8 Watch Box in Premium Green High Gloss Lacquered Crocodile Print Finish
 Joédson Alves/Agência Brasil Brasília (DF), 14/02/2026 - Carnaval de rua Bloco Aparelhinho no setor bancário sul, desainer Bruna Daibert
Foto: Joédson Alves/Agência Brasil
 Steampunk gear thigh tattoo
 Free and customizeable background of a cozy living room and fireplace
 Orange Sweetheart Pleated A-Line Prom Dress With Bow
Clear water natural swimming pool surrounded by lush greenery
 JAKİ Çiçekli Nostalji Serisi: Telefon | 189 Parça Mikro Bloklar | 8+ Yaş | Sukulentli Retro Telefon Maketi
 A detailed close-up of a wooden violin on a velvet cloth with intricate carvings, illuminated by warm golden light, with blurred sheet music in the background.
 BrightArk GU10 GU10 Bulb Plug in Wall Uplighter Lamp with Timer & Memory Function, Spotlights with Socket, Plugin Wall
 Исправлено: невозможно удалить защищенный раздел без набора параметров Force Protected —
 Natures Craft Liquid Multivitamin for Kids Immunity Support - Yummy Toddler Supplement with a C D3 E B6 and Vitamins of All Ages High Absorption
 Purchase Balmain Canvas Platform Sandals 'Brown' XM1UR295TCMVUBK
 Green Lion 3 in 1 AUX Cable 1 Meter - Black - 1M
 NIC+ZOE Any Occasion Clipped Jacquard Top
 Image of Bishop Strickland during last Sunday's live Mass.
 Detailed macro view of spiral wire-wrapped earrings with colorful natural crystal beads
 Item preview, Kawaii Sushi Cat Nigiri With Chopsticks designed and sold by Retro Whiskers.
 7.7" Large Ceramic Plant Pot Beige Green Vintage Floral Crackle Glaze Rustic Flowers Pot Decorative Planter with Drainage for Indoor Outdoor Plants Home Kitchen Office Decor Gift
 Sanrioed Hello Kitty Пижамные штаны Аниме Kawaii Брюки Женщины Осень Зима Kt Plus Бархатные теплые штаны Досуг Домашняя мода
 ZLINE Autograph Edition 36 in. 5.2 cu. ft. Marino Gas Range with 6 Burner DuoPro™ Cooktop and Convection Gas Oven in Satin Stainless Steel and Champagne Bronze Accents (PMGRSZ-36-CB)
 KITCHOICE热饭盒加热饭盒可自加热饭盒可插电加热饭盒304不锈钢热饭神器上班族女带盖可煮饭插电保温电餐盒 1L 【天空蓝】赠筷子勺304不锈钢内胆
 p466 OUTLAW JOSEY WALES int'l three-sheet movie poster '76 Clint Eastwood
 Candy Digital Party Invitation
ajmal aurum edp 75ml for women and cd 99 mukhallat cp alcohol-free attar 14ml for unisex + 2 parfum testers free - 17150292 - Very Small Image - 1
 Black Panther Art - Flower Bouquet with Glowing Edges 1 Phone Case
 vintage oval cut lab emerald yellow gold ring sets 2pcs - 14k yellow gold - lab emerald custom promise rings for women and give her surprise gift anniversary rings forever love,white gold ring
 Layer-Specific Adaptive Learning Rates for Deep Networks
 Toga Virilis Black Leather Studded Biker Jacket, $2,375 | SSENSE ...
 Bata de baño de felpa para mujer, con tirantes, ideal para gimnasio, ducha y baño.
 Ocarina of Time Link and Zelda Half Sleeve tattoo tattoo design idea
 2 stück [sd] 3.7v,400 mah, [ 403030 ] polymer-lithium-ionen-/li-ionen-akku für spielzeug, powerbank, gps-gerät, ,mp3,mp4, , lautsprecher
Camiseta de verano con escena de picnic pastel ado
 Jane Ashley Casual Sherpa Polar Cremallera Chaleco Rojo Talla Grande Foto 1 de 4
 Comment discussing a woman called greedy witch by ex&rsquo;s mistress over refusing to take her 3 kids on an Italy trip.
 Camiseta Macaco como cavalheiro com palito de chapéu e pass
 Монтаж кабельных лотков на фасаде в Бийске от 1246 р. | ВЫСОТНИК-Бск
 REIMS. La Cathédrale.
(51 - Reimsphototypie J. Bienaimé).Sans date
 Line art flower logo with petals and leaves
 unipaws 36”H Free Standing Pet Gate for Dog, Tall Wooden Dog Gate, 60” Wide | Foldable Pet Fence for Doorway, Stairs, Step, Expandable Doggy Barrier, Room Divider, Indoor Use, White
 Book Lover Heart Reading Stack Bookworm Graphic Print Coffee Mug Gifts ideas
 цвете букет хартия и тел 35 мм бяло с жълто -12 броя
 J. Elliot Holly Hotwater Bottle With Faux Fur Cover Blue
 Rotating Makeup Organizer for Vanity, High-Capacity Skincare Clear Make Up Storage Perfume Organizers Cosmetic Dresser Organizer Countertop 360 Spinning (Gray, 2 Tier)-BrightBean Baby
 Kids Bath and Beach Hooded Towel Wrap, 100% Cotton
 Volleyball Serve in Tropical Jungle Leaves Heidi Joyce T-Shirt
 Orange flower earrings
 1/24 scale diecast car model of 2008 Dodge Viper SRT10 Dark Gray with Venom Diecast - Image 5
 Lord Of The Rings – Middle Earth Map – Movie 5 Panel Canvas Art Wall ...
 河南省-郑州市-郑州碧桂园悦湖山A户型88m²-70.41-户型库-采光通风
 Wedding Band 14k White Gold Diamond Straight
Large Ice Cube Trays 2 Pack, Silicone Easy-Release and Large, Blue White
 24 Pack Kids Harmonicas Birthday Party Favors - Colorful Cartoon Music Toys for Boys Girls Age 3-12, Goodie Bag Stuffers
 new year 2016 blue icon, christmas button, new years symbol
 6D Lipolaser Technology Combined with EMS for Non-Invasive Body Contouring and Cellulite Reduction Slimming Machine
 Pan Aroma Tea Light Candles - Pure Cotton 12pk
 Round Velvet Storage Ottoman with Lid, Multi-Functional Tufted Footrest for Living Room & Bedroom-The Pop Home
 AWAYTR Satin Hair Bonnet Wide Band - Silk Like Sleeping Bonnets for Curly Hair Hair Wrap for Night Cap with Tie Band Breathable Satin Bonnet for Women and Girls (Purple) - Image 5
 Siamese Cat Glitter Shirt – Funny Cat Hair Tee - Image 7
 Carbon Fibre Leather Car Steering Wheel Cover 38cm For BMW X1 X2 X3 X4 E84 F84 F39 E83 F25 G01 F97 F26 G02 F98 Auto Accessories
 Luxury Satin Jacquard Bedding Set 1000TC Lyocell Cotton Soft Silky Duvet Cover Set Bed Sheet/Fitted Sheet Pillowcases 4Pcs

:: The task ::
Select every line of the material above holding the word "Brasil" and copy it.

:: Completed task ::
 Joédson Alves/Agência Brasil Brasília (DF), 14/02/2026 - Carnaval de rua Bloco Aparelhinho no setor bancário sul, desainer Bruna Daibert
Foto: Joédson Alves/Agência Brasil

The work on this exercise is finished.